**Short text fragments from websites:**
Start of Block

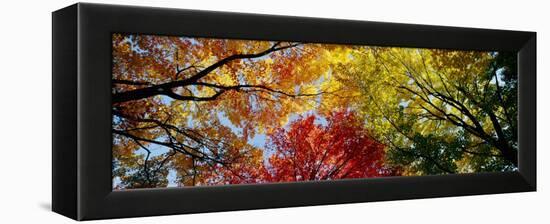 Colorful Trees in Fall, Autumn, Low Angle View-null-Framed Premier Image Canvas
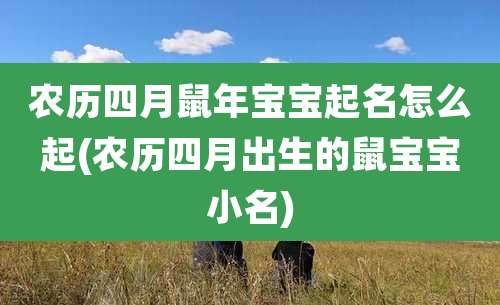 农历四月鼠年宝宝起名怎么起(农历四月出生的鼠宝宝小名)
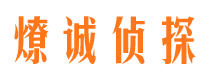 七里河侦探调查公司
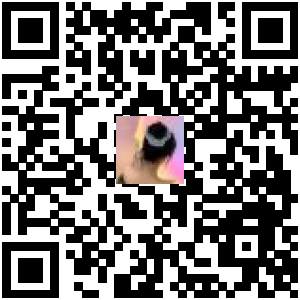 Code QR du produit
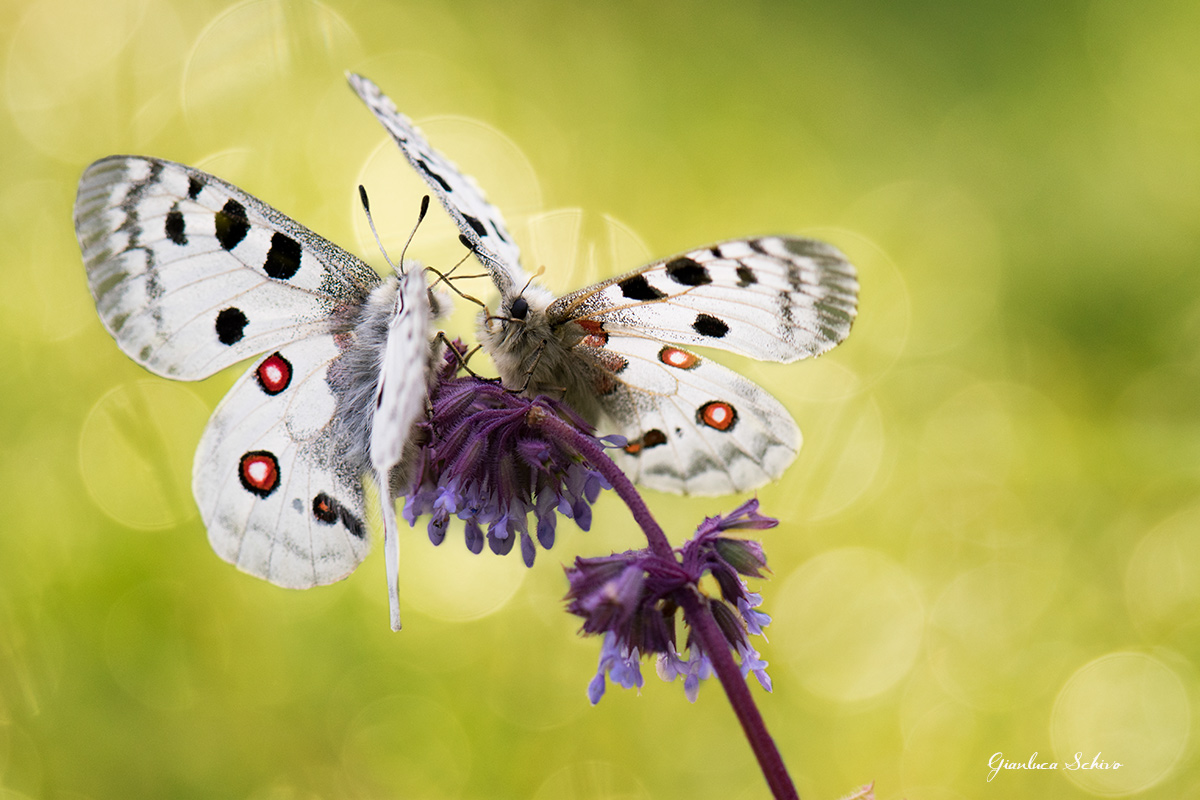 parnassius apollo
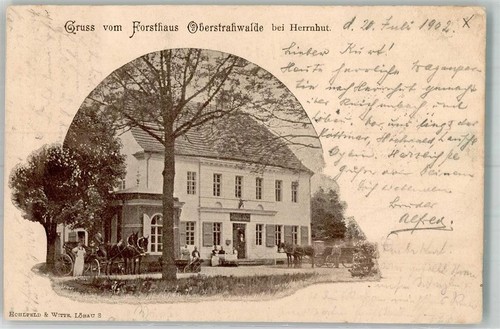 13534517 8709 herrnhut - 13534517,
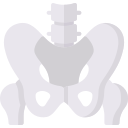 pelvis icon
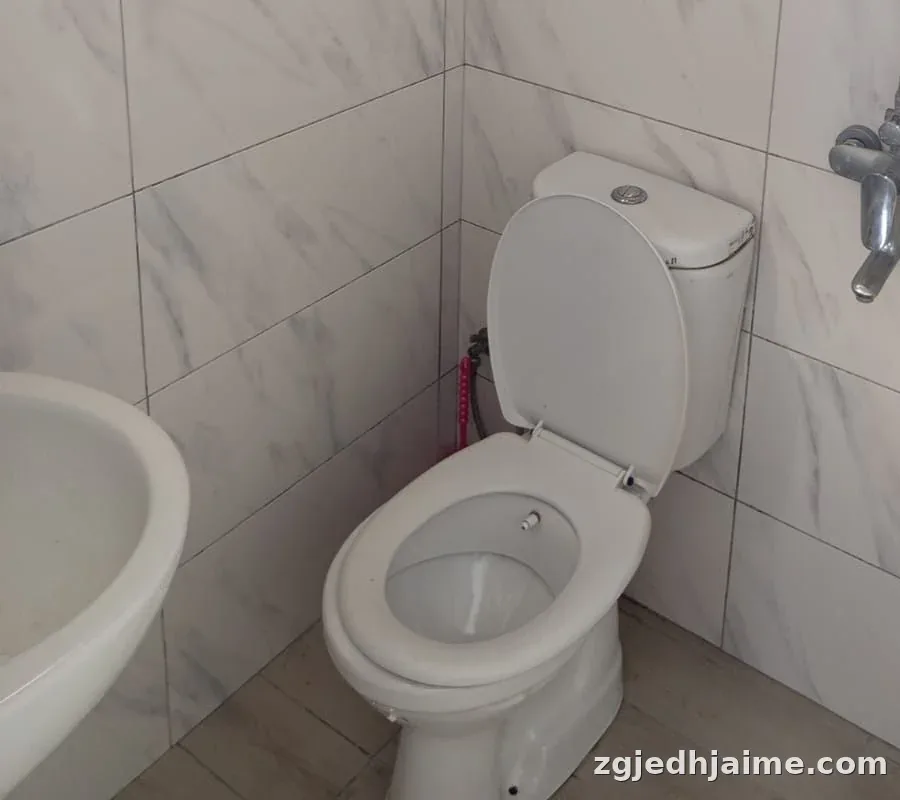 GARSONIERE 30,000 LEKE NE ZONEN E FAKULTETIT EKONOMIK — foto 5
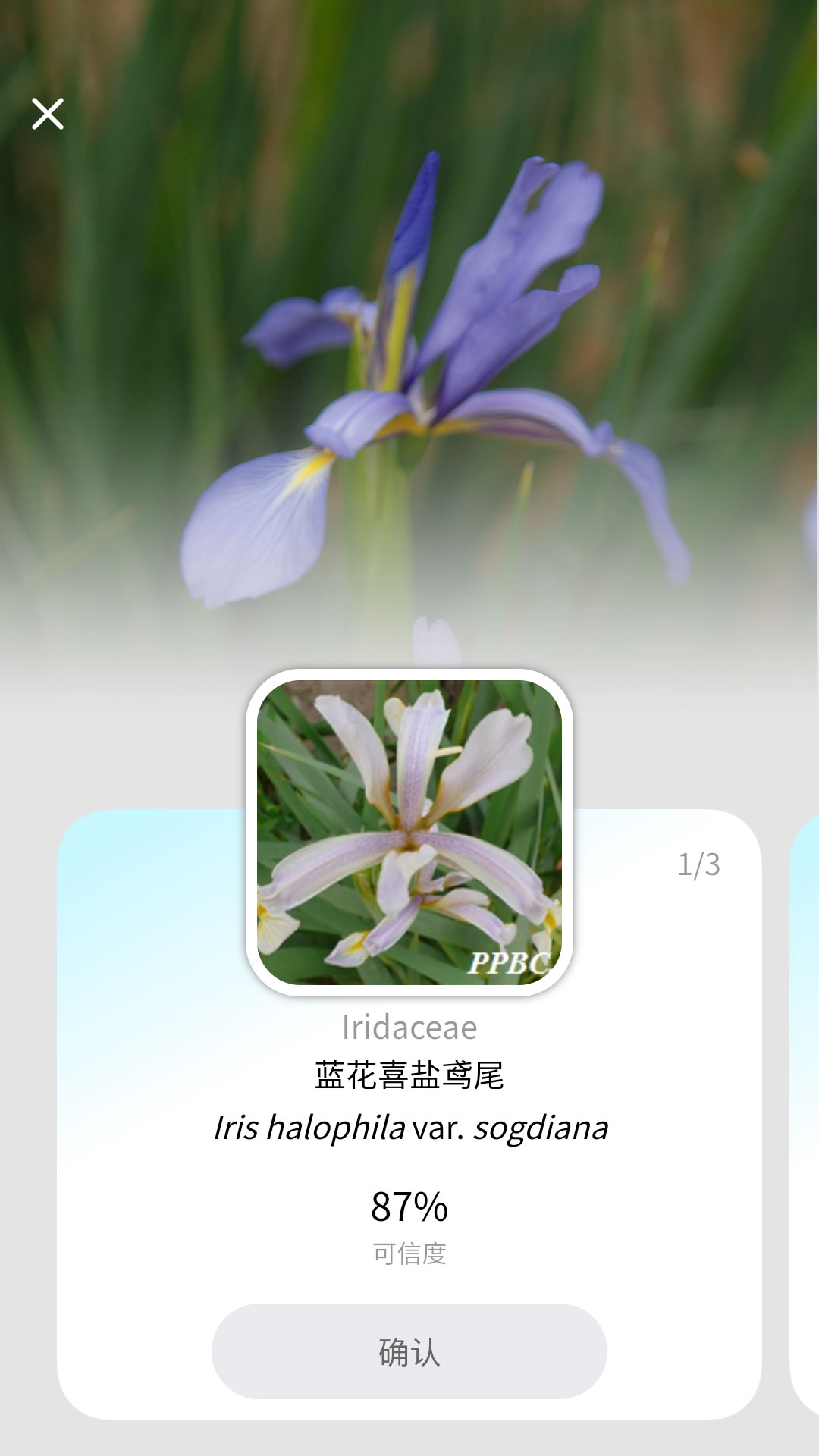 植物智正版
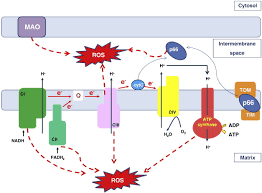 Atp synthase is located in the membrane of cellular structures called mitochondria; The H Atp Synthase A Gate To Ros Mediated Cell Death Or Cell Survival Sciencedirect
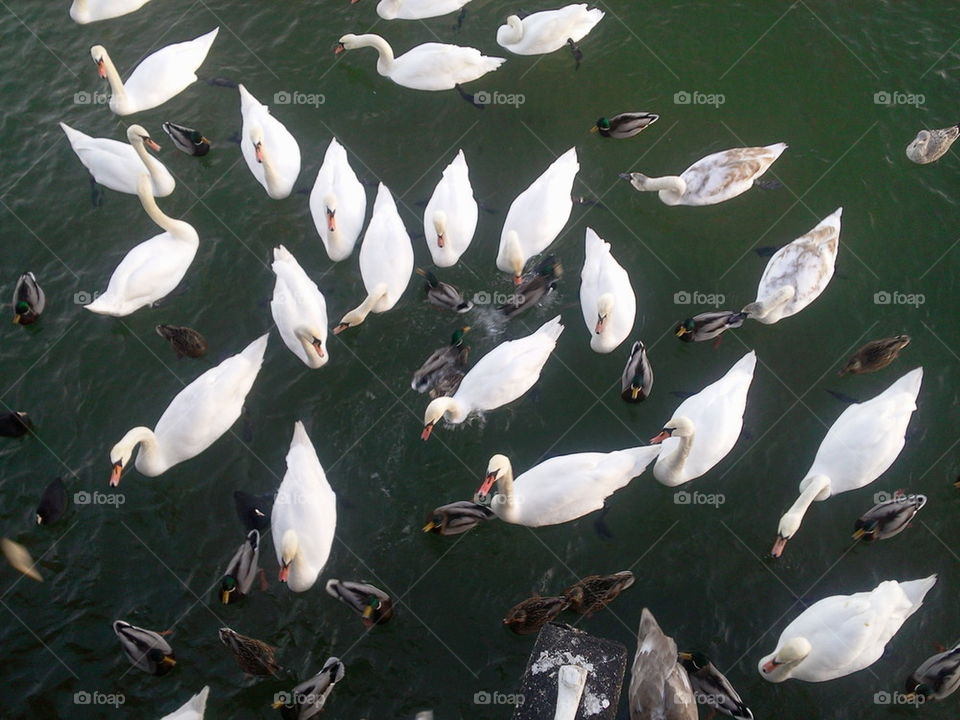 swans&ducks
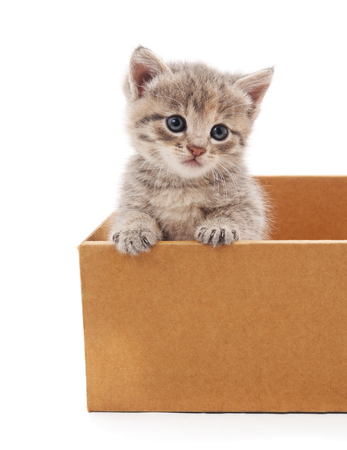Cat in a box isolated on white background.の写真素材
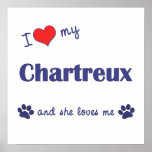 I Love My Chartreux (Female Cat) Posters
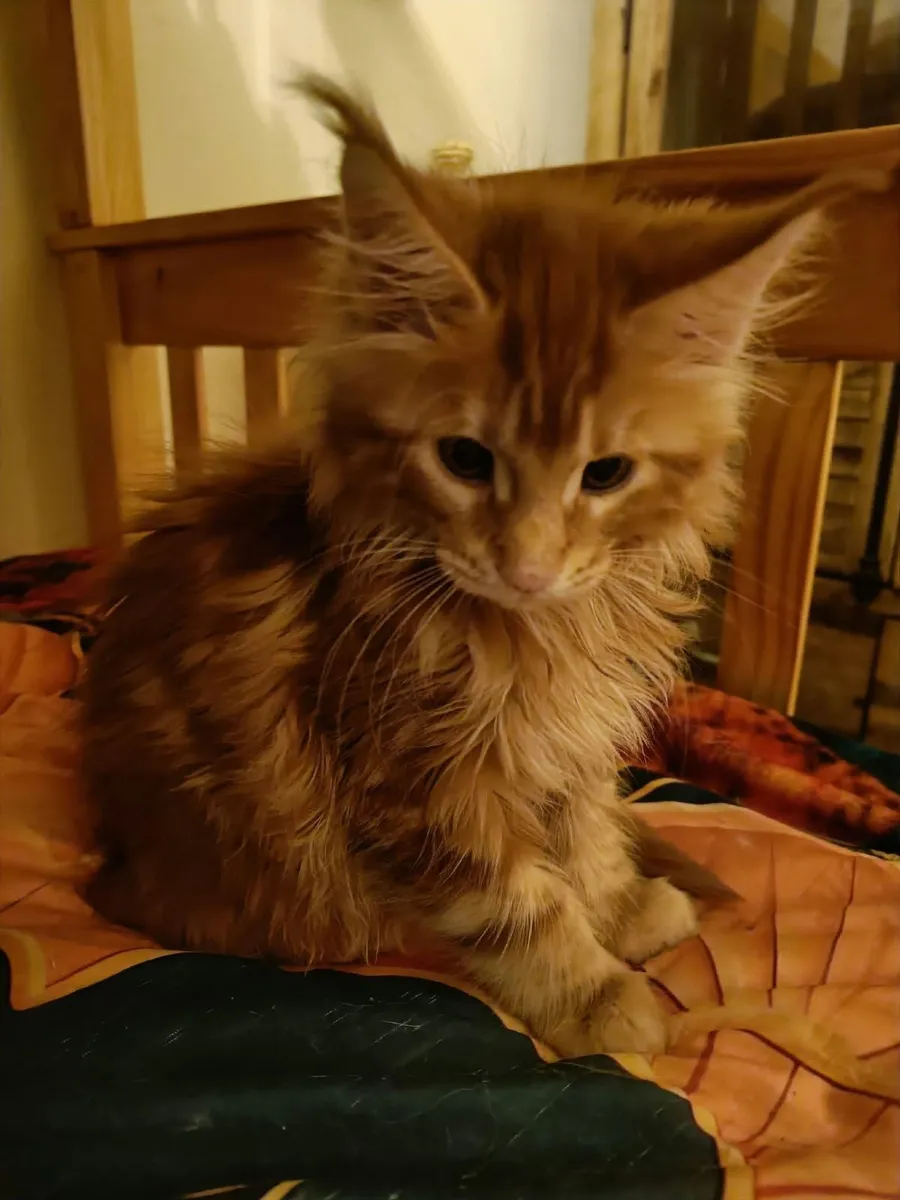 Maine Coon Iker(WCF registered) for sale. - Image 1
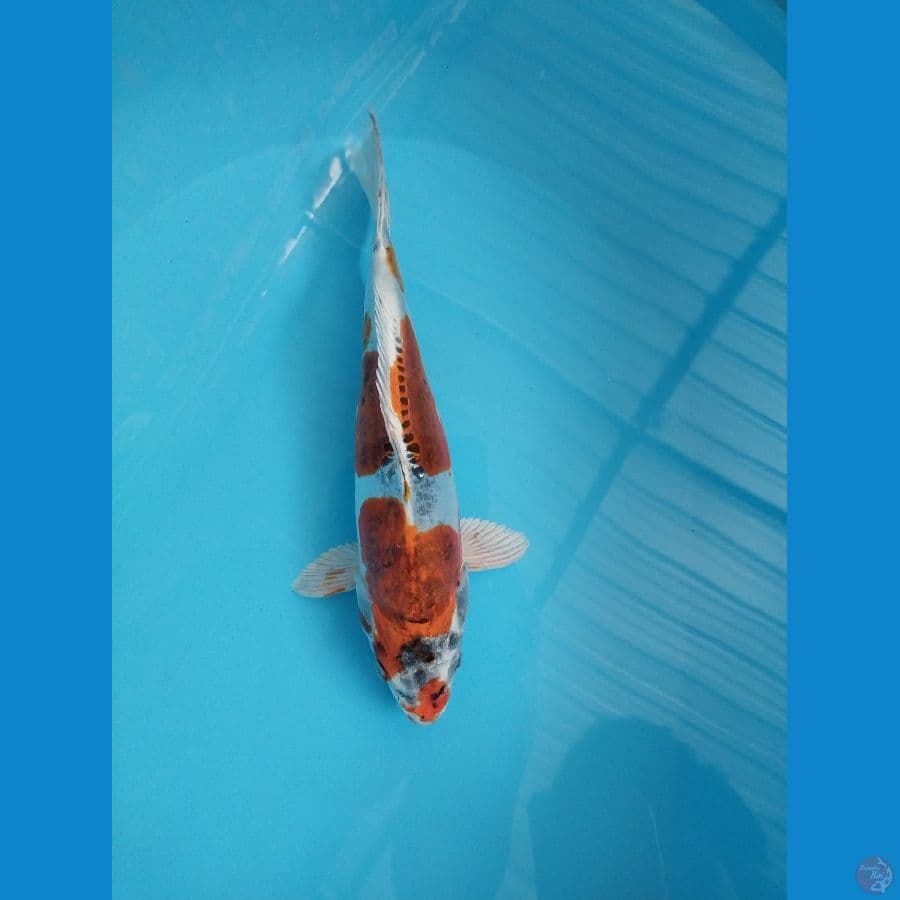 beni kiko 28 cm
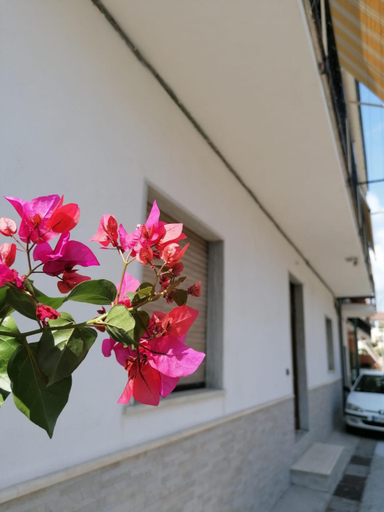 Others 4, Bouganville da Gio, Cosenza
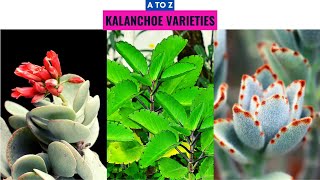 Kalanchoe Varieties A to Z [upl. by Anwahsak402]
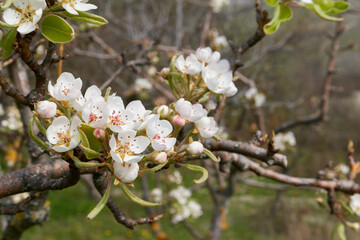 Pyrus communis in bloom
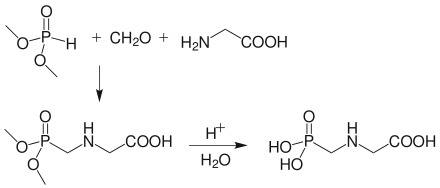 Glyphosate synthesis from dimethyl phosphite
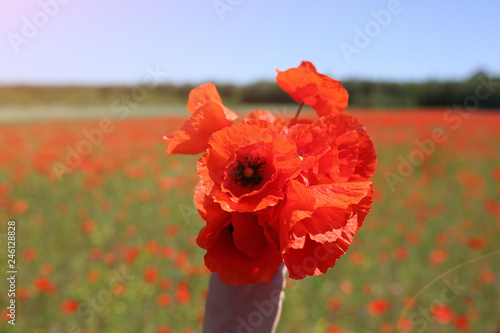 Girl is holding a bouquet of red poppy flowers in her hand. Green field on the background. Beautiful nature and sunny summer concept.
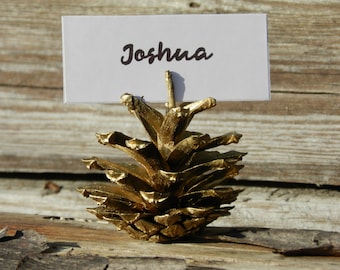 10 Pine Cone Place Card Holders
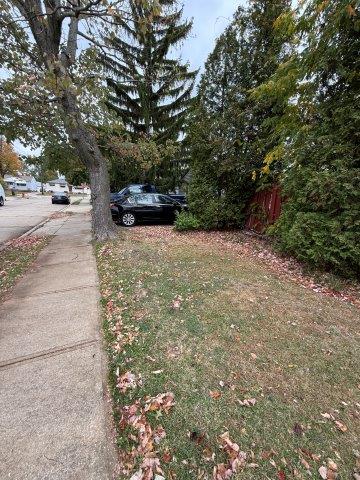 Photo Oct 22 2025 10 07 49 AM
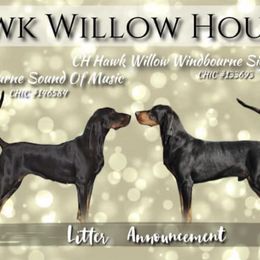 Black and Tan Coonhounds from HawkWillow Hounds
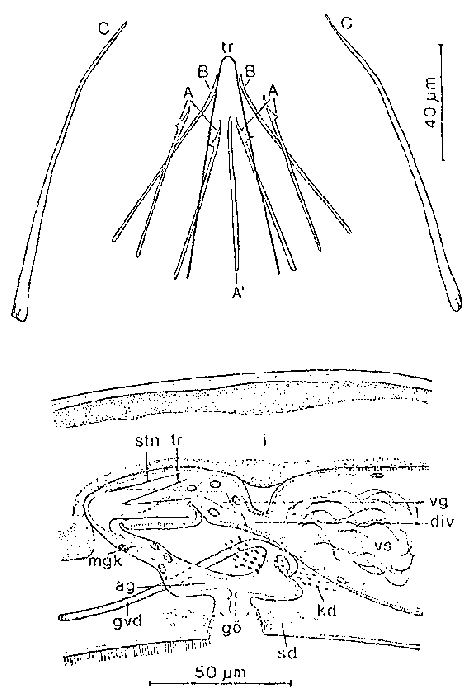 Xenotoplana tyrrhenica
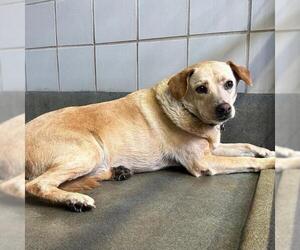Labrador Retriever-Unknown Mix Dogs for adoption in San Antonio, TX, USA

End of Block

**Instructions for the task:** With the pictures omitted, repeat the full set of records above exactly.

**Answer to this exercise:**
 Colorful Trees in Fall, Autumn, Low Angle View-null-Framed Premier Image Canvas
 农历四月鼠年宝宝起名怎么起(农历四月出生的鼠宝宝小名)
 七里河侦探调查公司
 Code QR du produit
 parnassius apollo
 13534517 8709 herrnhut - 13534517,
 pelvis icon
 GARSONIERE 30,000 LEKE NE ZONEN E FAKULTETIT EKONOMIK — foto 5
 植物智正版
 Atp synthase is located in the membrane of cellular structures called mitochondria; The H Atp Synthase A Gate To Ros Mediated Cell Death Or Cell Survival Sciencedirect
 swans&ducks
Cat in a box isolated on white background.の写真素材
 I Love My Chartreux (Female Cat) Posters
 Maine Coon Iker(WCF registered) for sale. - Image 1
 beni kiko 28 cm
 Others 4, Bouganville da Gio, Cosenza
 Kalanchoe Varieties A to Z [upl. by Anwahsak402]
 Pyrus communis in bloom
 Glyphosate synthesis from dimethyl phosphite
 Girl is holding a bouquet of red poppy flowers in her hand. Green field on the background. Beautiful nature and sunny summer concept.
 10 Pine Cone Place Card Holders
 Photo Oct 22 2025 10 07 49 AM
 Black and Tan Coonhounds from HawkWillow Hounds
 Xenotoplana tyrrhenica
Labrador Retriever-Unknown Mix Dogs for adoption in San Antonio, TX, USA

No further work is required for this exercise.